Tourcoing

Palestine : « Il faut dépasser l'émotion »

Publié le 20/02/2012 à 00h00

Issu du collectif créé en 2009 au moment de l'offensive israélienne sur la bande de Gaza, le mouvement citoyen Solidarité Tourcoing Gaza soutient la mission internationale « Bienvenue en Palestine ». Une dizaine de Tourquennois pourraient partir là-bas en avril.

Palestine : « Il faut dépasser l'émotion »
Issu du collectif créé en 2009 au moment de l'offensive israélienne sur la bande de Gaza, le mouvement citoyen Solidarité Tourcoing Gaza soutient la mission internationale « Bienvenue en Palestine ». Une dizaine de Tourquennois pourraient partir là-bas en avril.

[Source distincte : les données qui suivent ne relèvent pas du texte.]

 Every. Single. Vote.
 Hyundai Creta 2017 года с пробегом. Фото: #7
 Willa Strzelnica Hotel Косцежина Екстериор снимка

Que représente aujourd'hui Solidarité Tourcoing Gaza par rapport au collectif créé en 2009 ?
>> Le collectif qui regroupait des associations (association Solidarité Tourcoing Rafah, Pour la reconnaissance des droits et des libertés à la femme musulmane et Averroès, ndlr) n'existe plus. Aujourd'hui nous sommes un mouvement regroupant des citoyens et des citoyennes de Tourcoing, en grande majorité des femmes. Nous organisons tous les ans un repas de charité. Cette année, nous étions plus de 200. Les bénéfices récoltés vont permettre l'achat d'un appareil pour la fabrication de lunettes pour des enfants, en partenariat avec le Comité de Bienfaisance et de Solidarité avec la Palestine, qui est une association nationale avec un bureau à Lille.
Il y a deux ans, le collectif avait comme projet de faire venir des enfants palestiniens à Tourcoing, est-ce toujours d'actualité ?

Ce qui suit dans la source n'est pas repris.